True wilderness contains a hierarchy of flora and fauna, from mighty oaks to gentle mosses, and from large mammals to tiny insects and microbial life forms. Despite the association of the terms, wilderness is not barren, but replete with the fullness of a diverse and inter-connected nature. That is what you get if you leave land to do its thing, unmolested by sheep or red deer which nip off the shoots of young trees and bushes long before they have a chance to establish themselves.
Upland sheep farming, we were told, is a loss-making activity, made viable only by the agricultural subsidies that cancel out those losses, with enough left over to provide an income. In effect, farmers are paid to maintain a form of scenery that we have learned to regard as archetypical of rural beauty - the undulating, smooth, green emptiness that inspired the landscape designs of Capability Brown.

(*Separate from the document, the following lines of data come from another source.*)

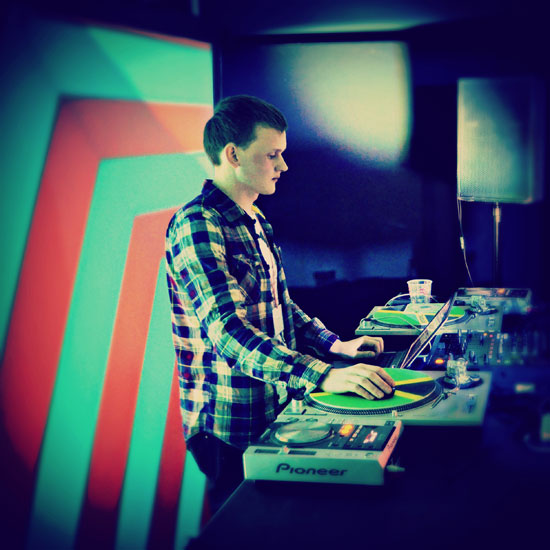 Ago Niglas möödunud aastal WHA?! festivalil. Foto: Aivo Timm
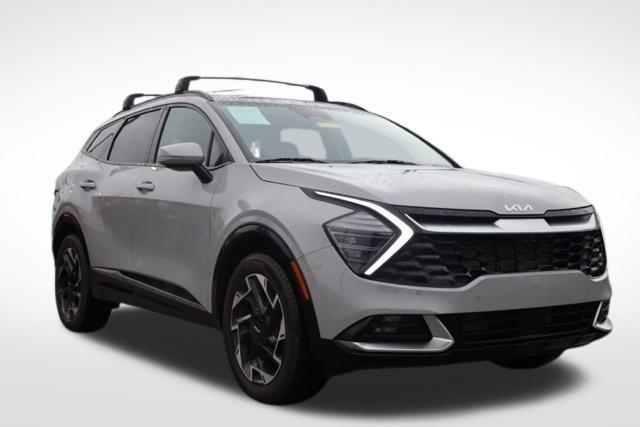 used 2024 Kia Sportage car, priced at $29,490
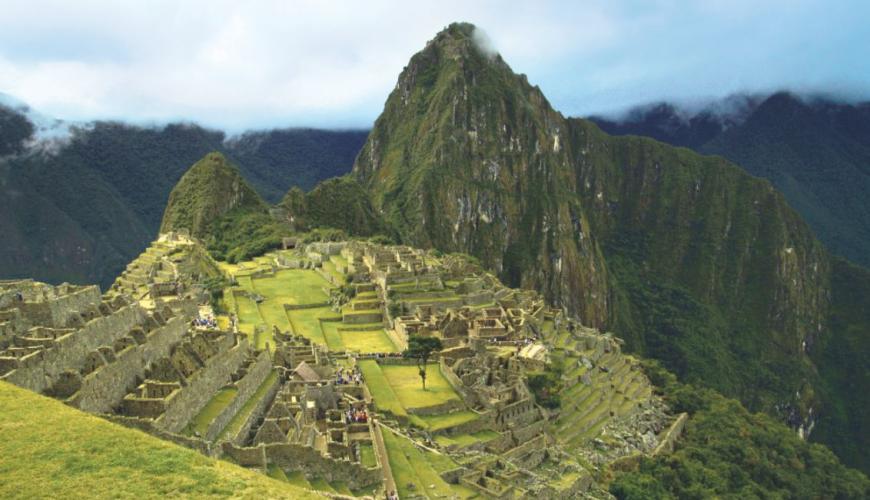 Machu Picchu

The principle of paying farmers to conserve the landscape is not at issue. The approach, however, is deeply questionable. Monbiot points his finger squarely at a system in which the availability of land for agricultural activity is the only criterion for subsidy payments. It doesn't matter whether sheep are actually grazing the land, provided sheep can graze it. The presence of any "permanent ineligible features" - such as trees, dense vegetation or ponds - that prevent sheep from grazing reduces the area on which the subsidy is paid.
In other words, the terms of the agricultural subsidy are designed explicitly to prevent the reemergence of a truly natural landscape, since it is only in those permanent ineligible features that such a landscape can begin to re-establish itself. And since this is an outcome of government policy the economic logic is not hard to find.
Even loss-making hill farming makes a contribution to GDP. But, just as the destruction of a rain-forest for logging or cattle-ranching counts as economic growth in a system that takes no account of the loss of habitat or CO2 storage capacity, so, conversely, does a re-wilded landscape have no value whatsoever in GDP terms.
The whole point of recreating a wilderness is that you do not exploit it for extractive gain. You value it for its natural diversity, which GDP will never do. Yet another reason why anybody with a serious interest in the natural environment should join the Stop GDP movement. We deserve something better - a measurement of wealth that takes account of the human and systemic wellbeing that a truly natural environment bestows.